*** Begin section ***
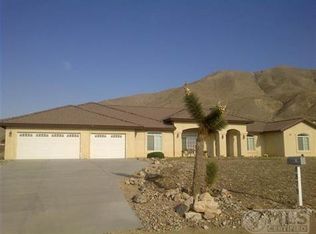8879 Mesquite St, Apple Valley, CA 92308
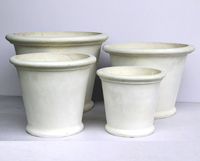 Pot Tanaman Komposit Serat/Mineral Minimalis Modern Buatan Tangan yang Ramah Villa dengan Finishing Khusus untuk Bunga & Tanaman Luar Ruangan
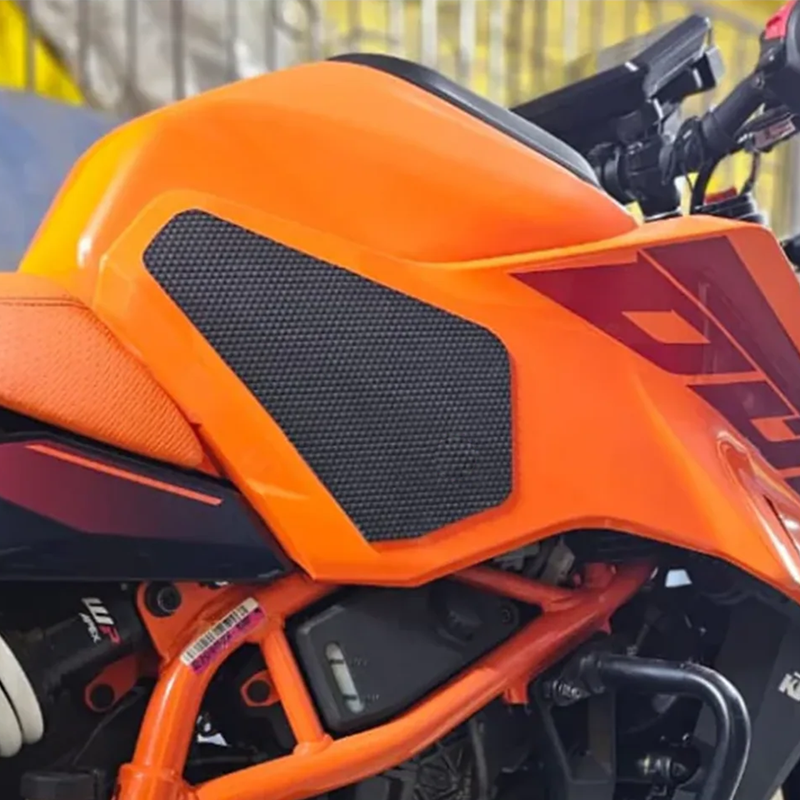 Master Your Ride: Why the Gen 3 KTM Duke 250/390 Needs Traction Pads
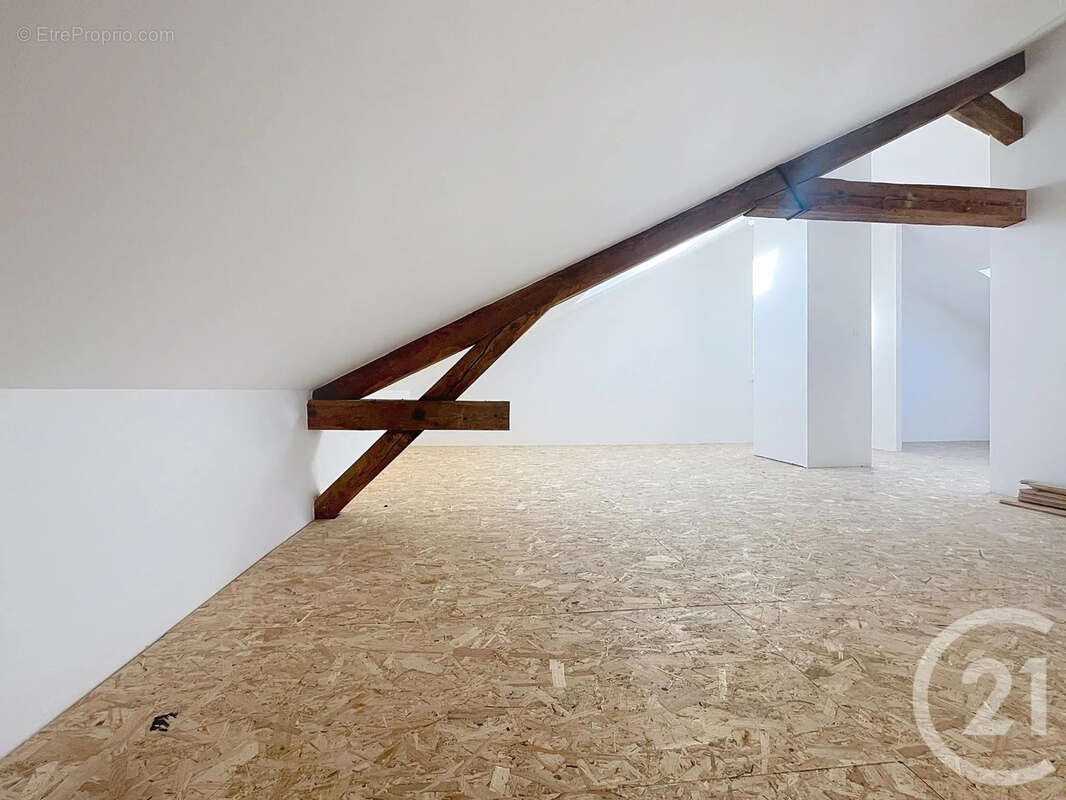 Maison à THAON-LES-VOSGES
*** End section ***
*** Begin section ***
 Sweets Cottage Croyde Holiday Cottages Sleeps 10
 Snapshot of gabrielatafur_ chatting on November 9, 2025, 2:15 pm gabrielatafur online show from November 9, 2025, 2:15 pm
*** End section ***
*** Begin section ***
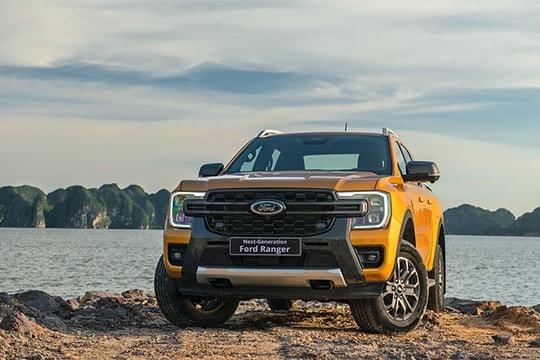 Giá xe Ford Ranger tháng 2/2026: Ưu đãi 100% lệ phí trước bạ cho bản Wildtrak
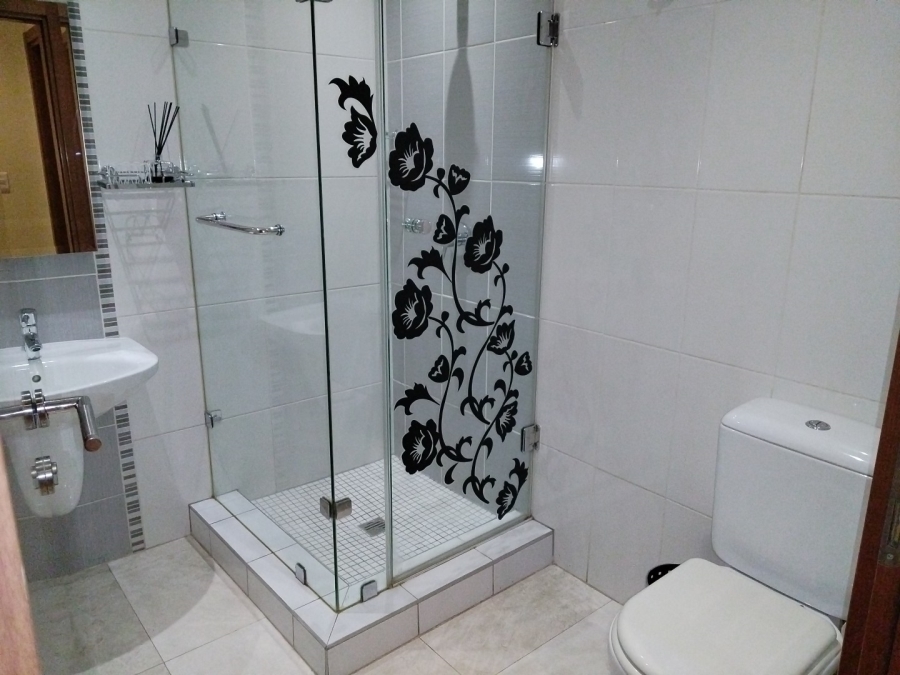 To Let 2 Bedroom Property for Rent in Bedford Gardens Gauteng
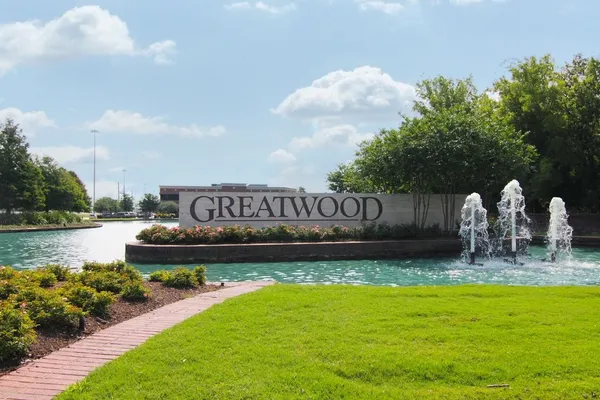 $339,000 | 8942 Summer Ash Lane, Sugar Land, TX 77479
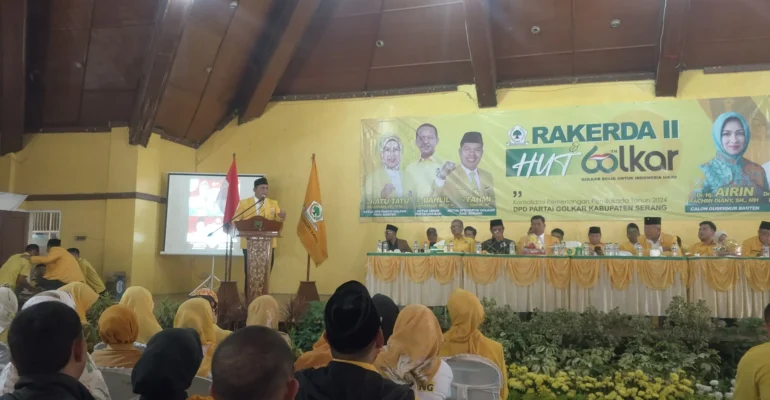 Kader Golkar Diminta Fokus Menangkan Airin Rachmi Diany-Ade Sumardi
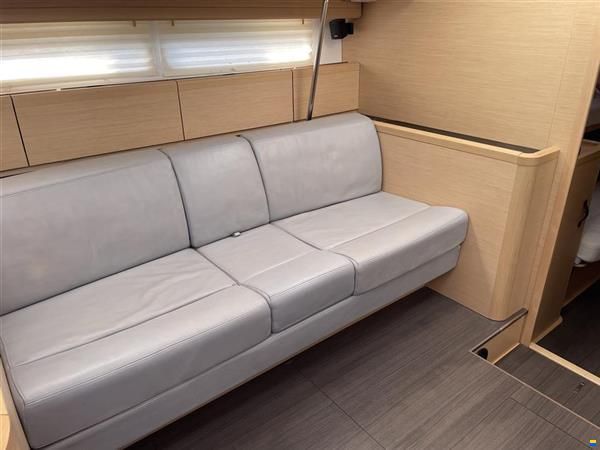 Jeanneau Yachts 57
*** End section ***
Your objective:
Could you write out exactly the lines of the data above that run from the one holding "Master Your Ride: Why" to the one holding "Maison à THAON-LES-VOSGES", with both ends in and all pictures out?

Answer box:
 Master Your Ride: Why the Gen 3 KTM Duke 250/390 Needs Traction Pads
 Maison à THAON-LES-VOSGES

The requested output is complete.